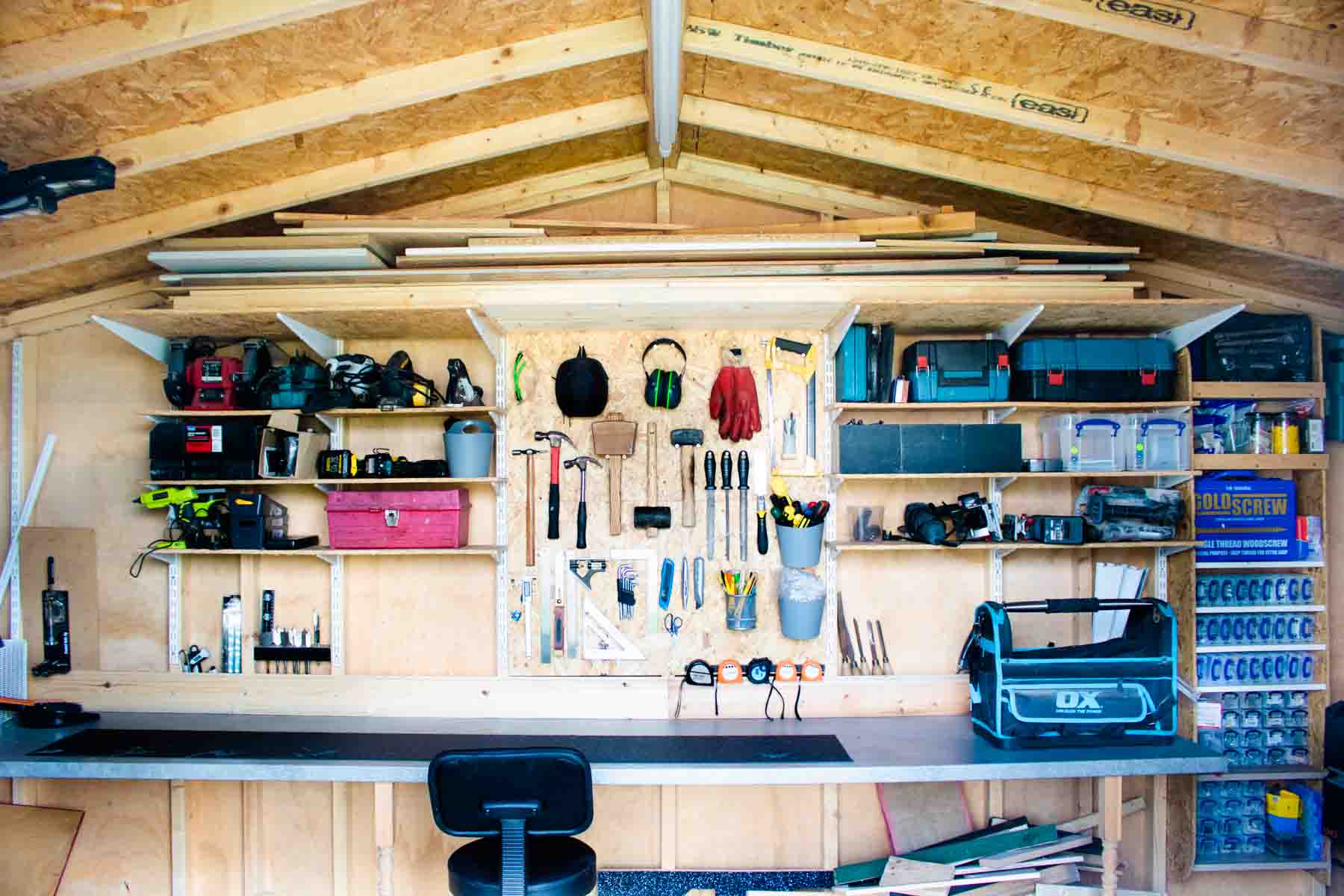 Organize your tools on an enhanced pallet shelf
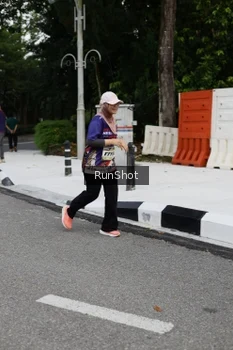 Runner Photo 4303545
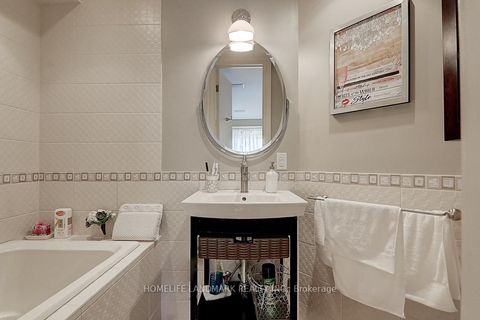 Photo 19 at 35 Gardiner Road E, Forest Hill South, Toronto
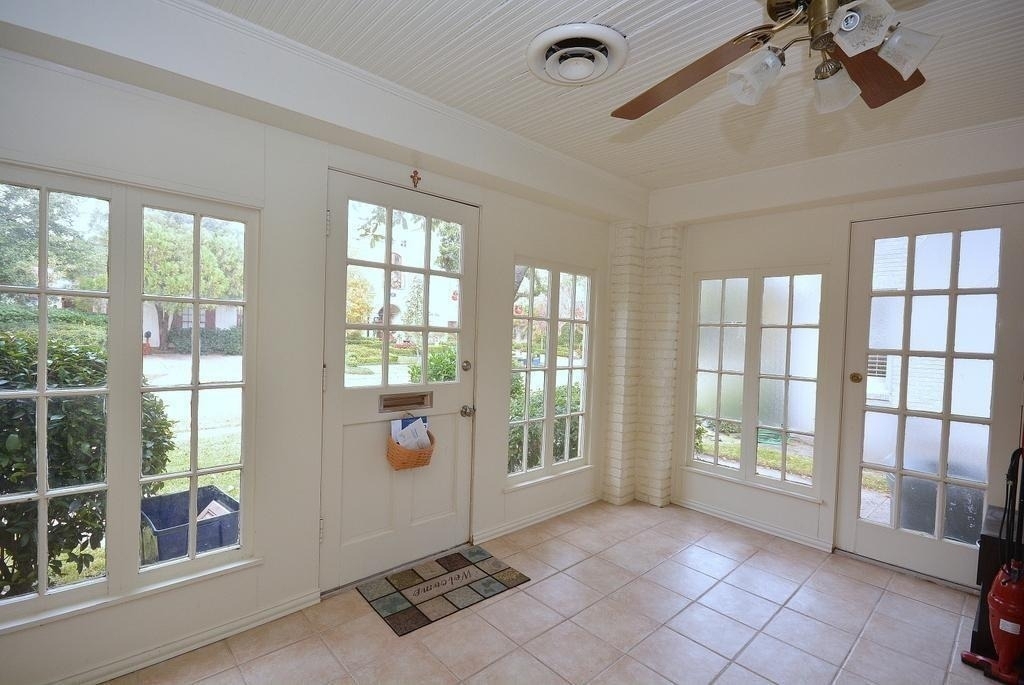 3027 Amherst Street - Photo 2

= = = =

Exercise >> Reproduce the listing exactly. Leave its pictures out.

Output for this task >>
 Organize your tools on an enhanced pallet shelf
 Runner Photo 4303545
 Photo 19 at 35 Gardiner Road E, Forest Hill South, Toronto
 3027 Amherst Street - Photo 2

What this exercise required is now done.